:: WHAT THIS TASK INVOLVES ::
Below is a listing. Set down exactly the lines from the one containing "فندق مبيت وإفطار Home Suite Home 4*" through the one containing "Vintage 80's 100%", both ends included, and leave out the rest.

:: LISTED RECORDS ::

####

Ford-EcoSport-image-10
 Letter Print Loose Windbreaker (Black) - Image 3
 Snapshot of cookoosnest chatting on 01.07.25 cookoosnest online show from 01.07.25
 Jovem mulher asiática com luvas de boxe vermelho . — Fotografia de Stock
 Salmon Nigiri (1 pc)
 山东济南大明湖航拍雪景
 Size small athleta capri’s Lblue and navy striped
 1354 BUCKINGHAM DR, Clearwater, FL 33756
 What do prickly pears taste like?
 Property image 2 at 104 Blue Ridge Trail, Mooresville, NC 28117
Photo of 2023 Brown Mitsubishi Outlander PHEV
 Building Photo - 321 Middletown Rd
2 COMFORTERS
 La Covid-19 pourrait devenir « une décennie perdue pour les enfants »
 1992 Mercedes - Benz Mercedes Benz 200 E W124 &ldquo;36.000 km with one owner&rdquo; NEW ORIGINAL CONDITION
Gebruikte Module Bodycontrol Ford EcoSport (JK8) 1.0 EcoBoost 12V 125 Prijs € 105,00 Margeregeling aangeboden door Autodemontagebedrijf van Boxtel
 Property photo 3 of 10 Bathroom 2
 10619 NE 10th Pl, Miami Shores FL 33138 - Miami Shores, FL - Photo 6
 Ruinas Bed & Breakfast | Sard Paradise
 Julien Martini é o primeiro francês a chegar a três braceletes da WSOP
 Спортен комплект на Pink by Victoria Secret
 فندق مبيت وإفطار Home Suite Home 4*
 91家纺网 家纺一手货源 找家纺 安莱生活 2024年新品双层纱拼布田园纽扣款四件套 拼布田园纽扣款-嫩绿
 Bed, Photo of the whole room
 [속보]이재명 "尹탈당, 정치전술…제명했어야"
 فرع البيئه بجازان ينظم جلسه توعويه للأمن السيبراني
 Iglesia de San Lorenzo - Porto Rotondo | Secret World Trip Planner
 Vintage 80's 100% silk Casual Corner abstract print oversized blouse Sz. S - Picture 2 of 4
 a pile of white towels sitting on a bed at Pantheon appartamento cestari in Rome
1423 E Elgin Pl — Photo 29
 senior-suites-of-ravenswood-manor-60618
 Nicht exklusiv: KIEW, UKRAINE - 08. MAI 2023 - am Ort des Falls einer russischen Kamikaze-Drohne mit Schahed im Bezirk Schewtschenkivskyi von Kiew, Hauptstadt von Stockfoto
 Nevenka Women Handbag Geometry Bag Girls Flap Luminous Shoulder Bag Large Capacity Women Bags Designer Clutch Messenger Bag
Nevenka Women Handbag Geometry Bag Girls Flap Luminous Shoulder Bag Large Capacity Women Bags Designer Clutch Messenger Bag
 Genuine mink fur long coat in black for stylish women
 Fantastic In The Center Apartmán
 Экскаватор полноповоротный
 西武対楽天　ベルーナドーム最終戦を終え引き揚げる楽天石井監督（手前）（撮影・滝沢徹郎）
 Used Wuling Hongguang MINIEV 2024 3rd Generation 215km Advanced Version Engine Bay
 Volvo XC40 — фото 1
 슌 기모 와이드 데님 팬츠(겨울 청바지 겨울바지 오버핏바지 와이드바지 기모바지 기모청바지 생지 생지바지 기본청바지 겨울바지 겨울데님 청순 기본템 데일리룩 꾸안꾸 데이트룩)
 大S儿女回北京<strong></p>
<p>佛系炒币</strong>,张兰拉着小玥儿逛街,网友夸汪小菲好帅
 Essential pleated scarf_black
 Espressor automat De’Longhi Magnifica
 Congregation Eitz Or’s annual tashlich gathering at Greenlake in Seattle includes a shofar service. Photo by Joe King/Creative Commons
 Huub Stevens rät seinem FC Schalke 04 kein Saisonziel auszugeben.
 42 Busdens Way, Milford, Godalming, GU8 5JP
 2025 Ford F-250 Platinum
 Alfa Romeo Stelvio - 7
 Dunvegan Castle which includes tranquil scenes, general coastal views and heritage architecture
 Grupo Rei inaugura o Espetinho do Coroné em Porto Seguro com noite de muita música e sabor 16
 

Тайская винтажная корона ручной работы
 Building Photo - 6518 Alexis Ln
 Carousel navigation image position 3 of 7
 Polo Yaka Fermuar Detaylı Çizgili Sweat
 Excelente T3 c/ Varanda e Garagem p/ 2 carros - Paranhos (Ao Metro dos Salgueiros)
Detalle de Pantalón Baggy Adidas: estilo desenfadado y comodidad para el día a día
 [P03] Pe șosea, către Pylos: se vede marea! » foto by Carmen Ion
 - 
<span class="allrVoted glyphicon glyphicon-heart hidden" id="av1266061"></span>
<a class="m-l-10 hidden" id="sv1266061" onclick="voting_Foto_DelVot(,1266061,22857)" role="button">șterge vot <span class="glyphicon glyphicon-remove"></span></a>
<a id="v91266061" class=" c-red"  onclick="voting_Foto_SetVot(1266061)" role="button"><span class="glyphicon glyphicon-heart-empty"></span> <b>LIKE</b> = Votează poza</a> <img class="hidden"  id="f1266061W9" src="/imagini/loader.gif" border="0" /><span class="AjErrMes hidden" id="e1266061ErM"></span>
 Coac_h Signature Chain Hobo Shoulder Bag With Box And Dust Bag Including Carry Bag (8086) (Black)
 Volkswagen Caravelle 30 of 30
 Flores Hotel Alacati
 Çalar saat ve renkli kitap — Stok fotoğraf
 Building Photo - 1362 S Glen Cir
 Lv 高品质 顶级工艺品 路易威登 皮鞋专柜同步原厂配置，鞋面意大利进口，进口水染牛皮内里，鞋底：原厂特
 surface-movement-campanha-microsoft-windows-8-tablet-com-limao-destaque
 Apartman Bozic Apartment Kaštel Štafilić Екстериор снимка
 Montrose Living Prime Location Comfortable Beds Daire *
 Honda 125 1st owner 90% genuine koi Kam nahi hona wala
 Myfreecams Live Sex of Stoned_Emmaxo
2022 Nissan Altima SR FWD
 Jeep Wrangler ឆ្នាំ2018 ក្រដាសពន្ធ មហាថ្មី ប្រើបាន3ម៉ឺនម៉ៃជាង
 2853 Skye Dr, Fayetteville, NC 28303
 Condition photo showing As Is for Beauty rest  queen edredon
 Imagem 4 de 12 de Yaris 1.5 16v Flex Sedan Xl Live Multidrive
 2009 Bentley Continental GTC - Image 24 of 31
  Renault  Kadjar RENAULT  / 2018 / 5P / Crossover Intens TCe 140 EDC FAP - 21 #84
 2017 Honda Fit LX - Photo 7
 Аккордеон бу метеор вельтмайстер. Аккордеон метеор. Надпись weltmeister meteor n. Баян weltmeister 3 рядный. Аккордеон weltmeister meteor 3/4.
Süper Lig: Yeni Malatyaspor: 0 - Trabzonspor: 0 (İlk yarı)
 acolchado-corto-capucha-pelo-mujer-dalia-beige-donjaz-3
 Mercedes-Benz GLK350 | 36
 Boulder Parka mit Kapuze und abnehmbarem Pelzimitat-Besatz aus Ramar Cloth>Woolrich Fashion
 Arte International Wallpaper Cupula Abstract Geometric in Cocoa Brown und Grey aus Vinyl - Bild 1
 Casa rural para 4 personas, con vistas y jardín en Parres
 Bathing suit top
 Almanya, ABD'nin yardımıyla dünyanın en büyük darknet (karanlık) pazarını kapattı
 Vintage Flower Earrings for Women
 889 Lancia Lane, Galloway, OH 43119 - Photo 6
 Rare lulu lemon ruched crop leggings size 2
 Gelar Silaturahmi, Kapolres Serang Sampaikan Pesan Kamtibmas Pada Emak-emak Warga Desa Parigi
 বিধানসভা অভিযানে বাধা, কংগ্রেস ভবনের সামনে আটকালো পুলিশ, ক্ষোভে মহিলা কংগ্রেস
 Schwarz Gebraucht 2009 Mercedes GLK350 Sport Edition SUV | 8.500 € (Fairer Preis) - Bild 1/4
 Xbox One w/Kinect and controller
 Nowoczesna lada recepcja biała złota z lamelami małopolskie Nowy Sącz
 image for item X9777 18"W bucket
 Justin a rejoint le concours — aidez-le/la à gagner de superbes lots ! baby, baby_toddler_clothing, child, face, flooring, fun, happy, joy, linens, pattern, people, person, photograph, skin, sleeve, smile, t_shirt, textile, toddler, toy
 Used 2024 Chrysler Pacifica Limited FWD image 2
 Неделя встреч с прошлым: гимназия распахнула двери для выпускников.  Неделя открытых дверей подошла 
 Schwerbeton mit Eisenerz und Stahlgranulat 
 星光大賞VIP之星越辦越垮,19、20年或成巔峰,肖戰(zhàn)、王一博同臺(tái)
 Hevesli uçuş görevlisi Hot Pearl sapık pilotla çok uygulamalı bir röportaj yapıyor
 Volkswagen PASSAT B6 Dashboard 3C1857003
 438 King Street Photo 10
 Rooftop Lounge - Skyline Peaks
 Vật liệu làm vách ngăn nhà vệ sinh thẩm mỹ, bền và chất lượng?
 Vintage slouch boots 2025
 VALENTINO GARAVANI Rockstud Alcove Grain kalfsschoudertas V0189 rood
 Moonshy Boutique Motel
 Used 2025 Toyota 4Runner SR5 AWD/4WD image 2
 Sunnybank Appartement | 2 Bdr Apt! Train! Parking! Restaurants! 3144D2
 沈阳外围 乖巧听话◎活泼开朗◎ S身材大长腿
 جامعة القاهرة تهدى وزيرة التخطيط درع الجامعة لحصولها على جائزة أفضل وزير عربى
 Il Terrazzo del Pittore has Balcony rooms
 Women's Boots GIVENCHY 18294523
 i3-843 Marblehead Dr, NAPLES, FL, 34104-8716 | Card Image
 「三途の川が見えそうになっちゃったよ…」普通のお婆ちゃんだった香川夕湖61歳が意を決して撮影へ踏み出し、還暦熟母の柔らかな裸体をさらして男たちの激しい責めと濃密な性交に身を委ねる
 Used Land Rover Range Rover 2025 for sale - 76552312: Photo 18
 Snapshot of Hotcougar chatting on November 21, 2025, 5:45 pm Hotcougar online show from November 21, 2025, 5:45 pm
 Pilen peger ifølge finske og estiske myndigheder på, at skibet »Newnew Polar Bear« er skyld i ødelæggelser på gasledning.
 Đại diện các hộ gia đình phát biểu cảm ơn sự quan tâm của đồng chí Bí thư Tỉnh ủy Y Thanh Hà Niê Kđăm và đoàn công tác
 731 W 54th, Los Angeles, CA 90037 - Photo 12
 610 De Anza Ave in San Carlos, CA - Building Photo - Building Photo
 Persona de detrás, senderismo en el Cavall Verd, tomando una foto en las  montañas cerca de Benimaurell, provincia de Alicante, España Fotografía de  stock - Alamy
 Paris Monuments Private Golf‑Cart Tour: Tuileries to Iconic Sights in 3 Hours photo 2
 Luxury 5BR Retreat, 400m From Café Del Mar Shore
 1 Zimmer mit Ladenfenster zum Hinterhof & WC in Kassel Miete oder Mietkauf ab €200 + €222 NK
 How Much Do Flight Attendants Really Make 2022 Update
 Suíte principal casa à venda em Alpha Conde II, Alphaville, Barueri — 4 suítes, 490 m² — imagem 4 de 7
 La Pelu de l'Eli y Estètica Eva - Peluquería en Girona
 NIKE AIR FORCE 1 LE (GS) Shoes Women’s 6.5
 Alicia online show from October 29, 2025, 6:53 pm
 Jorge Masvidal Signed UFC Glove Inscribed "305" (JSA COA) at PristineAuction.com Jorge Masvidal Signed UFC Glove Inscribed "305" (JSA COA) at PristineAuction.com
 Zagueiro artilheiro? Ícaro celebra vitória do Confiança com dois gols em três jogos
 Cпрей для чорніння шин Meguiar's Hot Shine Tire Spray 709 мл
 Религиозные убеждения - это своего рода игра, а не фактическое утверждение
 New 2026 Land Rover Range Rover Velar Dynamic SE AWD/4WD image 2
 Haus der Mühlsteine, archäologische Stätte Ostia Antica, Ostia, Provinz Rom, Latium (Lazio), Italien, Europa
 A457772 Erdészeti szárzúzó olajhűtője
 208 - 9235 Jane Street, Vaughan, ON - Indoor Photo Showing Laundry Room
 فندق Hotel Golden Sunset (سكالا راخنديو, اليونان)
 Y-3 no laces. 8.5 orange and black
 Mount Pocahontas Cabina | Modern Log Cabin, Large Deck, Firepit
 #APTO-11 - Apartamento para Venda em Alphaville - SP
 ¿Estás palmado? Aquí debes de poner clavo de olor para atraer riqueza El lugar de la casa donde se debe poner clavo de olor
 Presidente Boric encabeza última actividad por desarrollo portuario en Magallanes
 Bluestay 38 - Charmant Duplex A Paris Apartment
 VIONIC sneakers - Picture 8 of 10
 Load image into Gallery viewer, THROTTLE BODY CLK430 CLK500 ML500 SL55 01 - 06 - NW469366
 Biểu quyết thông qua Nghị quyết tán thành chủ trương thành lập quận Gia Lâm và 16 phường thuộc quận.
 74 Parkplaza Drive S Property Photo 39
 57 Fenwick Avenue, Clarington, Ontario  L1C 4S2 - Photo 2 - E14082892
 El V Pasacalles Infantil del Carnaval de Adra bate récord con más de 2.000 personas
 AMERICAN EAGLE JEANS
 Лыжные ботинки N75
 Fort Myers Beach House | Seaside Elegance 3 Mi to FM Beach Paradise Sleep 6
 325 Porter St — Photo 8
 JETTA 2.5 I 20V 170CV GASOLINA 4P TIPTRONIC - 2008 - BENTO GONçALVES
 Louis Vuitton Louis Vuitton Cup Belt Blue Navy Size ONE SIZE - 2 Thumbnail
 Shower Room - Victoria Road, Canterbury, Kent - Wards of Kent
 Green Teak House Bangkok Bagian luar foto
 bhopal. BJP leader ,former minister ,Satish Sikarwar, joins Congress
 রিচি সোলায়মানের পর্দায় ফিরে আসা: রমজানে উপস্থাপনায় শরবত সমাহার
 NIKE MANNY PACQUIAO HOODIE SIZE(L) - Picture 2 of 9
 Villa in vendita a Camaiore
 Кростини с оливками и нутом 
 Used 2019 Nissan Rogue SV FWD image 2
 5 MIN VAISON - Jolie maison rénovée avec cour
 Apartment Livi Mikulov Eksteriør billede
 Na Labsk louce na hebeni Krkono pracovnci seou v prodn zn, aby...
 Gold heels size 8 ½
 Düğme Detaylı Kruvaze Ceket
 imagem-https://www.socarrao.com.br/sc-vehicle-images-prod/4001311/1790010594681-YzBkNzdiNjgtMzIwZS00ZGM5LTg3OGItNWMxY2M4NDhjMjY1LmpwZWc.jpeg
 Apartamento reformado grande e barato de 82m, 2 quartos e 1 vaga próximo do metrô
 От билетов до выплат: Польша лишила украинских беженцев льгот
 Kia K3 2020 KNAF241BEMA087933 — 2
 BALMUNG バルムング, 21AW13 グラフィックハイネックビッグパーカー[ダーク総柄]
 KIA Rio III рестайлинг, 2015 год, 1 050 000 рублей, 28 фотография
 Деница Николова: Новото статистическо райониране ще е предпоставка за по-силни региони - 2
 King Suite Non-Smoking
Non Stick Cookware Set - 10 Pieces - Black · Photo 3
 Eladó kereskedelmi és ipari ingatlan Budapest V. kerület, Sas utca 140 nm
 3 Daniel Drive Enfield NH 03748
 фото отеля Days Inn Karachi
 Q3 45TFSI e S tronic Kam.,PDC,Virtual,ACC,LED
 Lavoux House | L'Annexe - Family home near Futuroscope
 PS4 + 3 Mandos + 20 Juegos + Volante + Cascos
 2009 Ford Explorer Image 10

####

:: SOLVED EXERCISE ::
 فندق مبيت وإفطار Home Suite Home 4*
 91家纺网 家纺一手货源 找家纺 安莱生活 2024年新品双层纱拼布田园纽扣款四件套 拼布田园纽扣款-嫩绿
 Bed, Photo of the whole room
 [속보]이재명 "尹탈당, 정치전술…제명했어야"
 فرع البيئه بجازان ينظم جلسه توعويه للأمن السيبراني
 Iglesia de San Lorenzo - Porto Rotondo | Secret World Trip Planner
 Vintage 80's 100% silk Casual Corner abstract print oversized blouse Sz. S - Picture 2 of 4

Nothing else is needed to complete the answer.